Product engineering and development costs remained constant during 2003. Selling and administrative expenses increased $414 (3%) during 2003. Restructuring costs, which consist of legal and professional fees relating to the reorganization in 2002, were $302 for fiscal 2002.

 

Operating income (loss) was ($1,173) in 2003 versus $2,059 in 2002. This was a result of foreign operating losses of $2.8 million and $1.5 million of increases in the domestic LIFO inventory reserves.

 

Interest expense during 2003 is less than 2002 due to reduced borrowings and a lower interest rate.
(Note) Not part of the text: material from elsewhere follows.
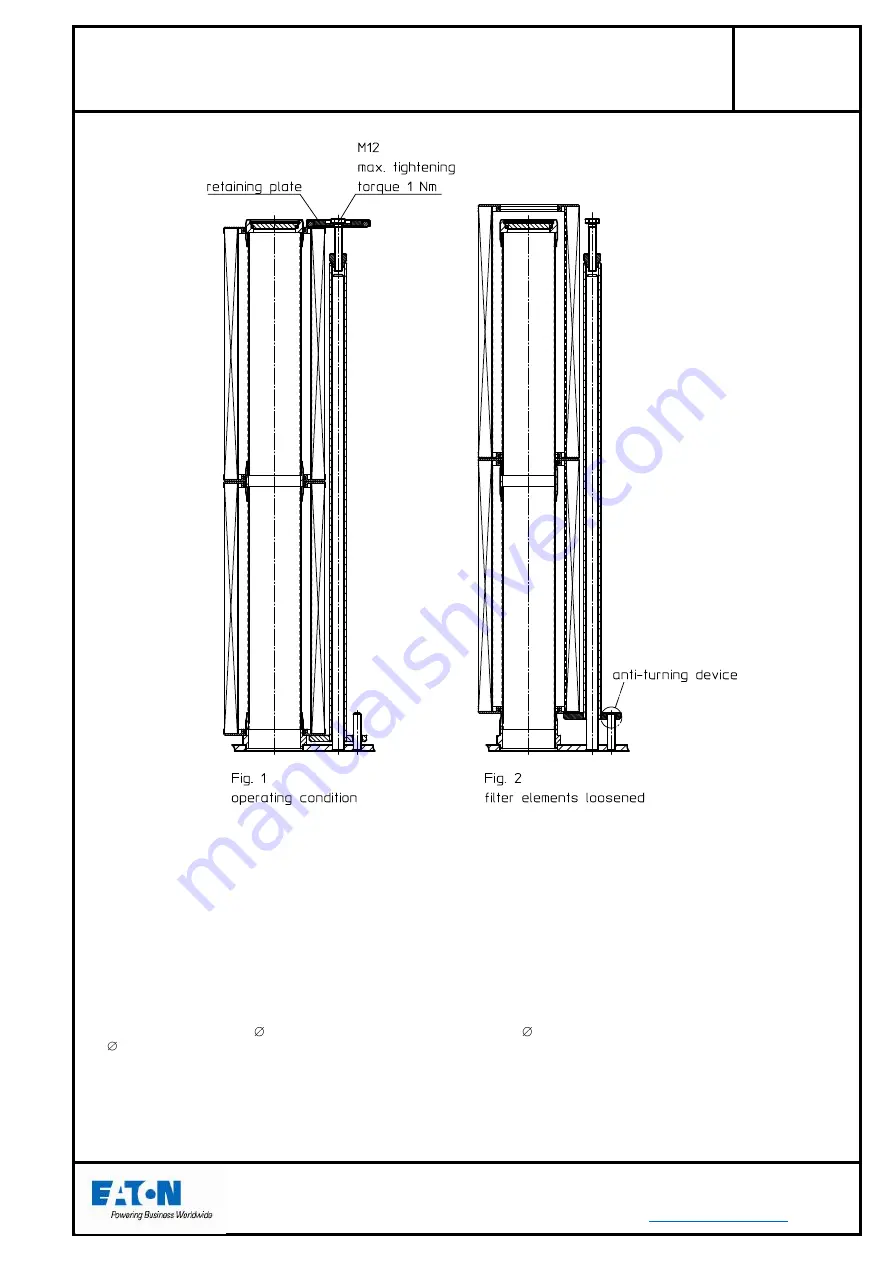 Eaton INTERNORMEN DNR Series Manual And Maintenance Instructions Download Page 3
The debt was refinanced on August 1, 2003 with interest at the prime rate.

 

Income from investees includes cash distributions of $13,428 received during the first three fiscal quarters of 2003. There were distributions of $1,526 in fiscal 2002. Future benefits realizable by the Company on the synthetic fuel production plants depend on whether the production from these plants will continue to qualify for tax credits under Section 29 of the Internal Revenue Code and the ability to economically produce and successfully market synthetic fuel produced by the plants.

 

Income taxes were 34% of pre-tax income for 2003. Net income for 2003 was $7,260 from continuing operations, while 2002 included $1,829 from continuing operations and $241 from discontinued operations.

 

Liquidity and Capital Resources

 

On August 1, 2003, the Company entered into a Revolving Credit and Security Agreement with PNC Bank, N.A. The Agreement established a three year revolving $20 million credit facility. The facility provides for advances based on accounts receivable, inventory and real estate. The facility includes a $2 million limit on letters of credit. At September 30, 2004, the Company had $.3 million of letters of credit outstanding. The interest rate at September 30, 2004, is at prime (4.75%) and subject to change based upon the Fixed Charge Coverage Ratio. The Company is required to maintain a Fixed Charge Coverage Ratio of 1.1:1. There are no required repayments as long as there are no defaults and there is adequate eligible collateral. Substantially all of Company’s assets are pledged as security under the Agreement. The borrowings under the previous credit agreements were paid in full with cash and proceeds from this new Revolving Credit and Security Agreement.

 

Critical Accounting Policies, Estimates and Assumptions

 

The Company believes the following discussion addresses the Company’s most critical accounting policies, which are those that are most important to the portrayal of the Company’s financial condition and results of operations and require management’s most difficult, subjective, or complex judgments, often as a result of the need to make estimates about the effect of matters that are inherently uncertain. Accounting policies, in addition to the critical accounting policies referenced below, are presented in Note 1 to the Company’s consolidated financial statements, “Accounting Policies.”

 

Estimates and Assumptions

 

In preparing the consolidated financial statements, the Company uses certain estimates and assumptions that may affect reported amounts and disclosures. Estimates and assumptions are used, among other places, when accounting for certain revenue (e.g., contract accounting), expense, and asset and liability valuations. Management believes that the estimates and assumptions made in preparing the consolidated financial statements are reasonable, but are inherently uncertain and unpredictable. Assumptions may be incomplete or inaccurate and unanticipated events may occur. The Company is subject to risks and uncertainties that may cause actual results to differ from estimated results.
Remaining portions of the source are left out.